Effect of GO and TEA-rGO on LDH activity in PMEFs cells. Notes: LDH activity was measured by changes in optical densities due to NAD⁺ reduction, monitored at 490 nm, as described in Materials and methods, using the Cytotoxicity Detection Lactate Dehydrogenase kit. The results represent the means of three separate experiments, and error bars represent the standard error of the mean. GO treated groups showed statistically significant differences from the control group by the Student’s t-test (P < 0.05). Abbreviations: GO, graphene oxide; TEA-rGO, triethylamine-reduced graphene oxide; LDH, lactate dehydrogenase; PMEFs, primary mouse embryonic fibroblast cells; NAD⁺, nicotinamide adenine dinucleotide.

Figure 10

The effect of lower concentration of TEA-rGO on proliferation of PMEFs cells. Notes: (A) PMEFs cells were treated with various concentrations of GO and TEA-rGO for 24 hours, cells were harvested with 0.05% trypsin and 0.02% EDTA in PBS, and counted. Data are expressed as number of cells. The results represent the means of three separate experiments and error bars represent the standard error of the mean. GO and TEA-rGO treated groups showed statistically significant differences from the control group by the Student’s t-test (P < 0.05). (B) Representative microscopic images of GO and TEA-rGO treated cells (0.5 and 25 μg/mL). Abbreviations: GO, graphene oxide; TEA-rGO, triethylamine-reduced graphene oxide; EDTA, ethylenediaminetetraacetic acid; PBS, phosphate buffered saline; PMEFs, primary mouse embryonic fibroblast cells.

Figure 11

Effect of GO and TEA-rGO on attachment of PMEFs cells. Notes: (A) The cells were grown in coated dishes for 24 hours. The numbers of cells attached to coated dishes were counted after 24 hours.

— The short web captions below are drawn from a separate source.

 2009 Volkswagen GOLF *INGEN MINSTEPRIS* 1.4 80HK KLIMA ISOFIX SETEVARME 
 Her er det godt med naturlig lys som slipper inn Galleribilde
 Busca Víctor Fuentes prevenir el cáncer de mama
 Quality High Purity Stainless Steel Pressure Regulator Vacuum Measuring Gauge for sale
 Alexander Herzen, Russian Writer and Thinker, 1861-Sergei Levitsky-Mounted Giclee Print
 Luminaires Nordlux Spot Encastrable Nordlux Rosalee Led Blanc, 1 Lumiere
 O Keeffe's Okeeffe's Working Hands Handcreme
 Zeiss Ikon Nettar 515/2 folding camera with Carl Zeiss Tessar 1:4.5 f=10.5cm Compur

Triplicate cell counts were performed in each experiment, and the experiment was repeated three times. The results represent the means of three separate experiments and error bars represent the standard error of the mean. GO and TEA-rGO (5 μg/mL) treated groups showed statistically significant differences from the control group by the Student’s t-test (P < 0.05). Data are expressed as percentage of attached cells compared to initial cells. (B) Representative microscopic images of GO and TEA-rGO treated cells. Abbreviations: GO, graphene oxide; TEA-rGO, triethylamine-reduced graphene oxide; PMEFs, primary mouse embryonic fibroblast cells; CON, control.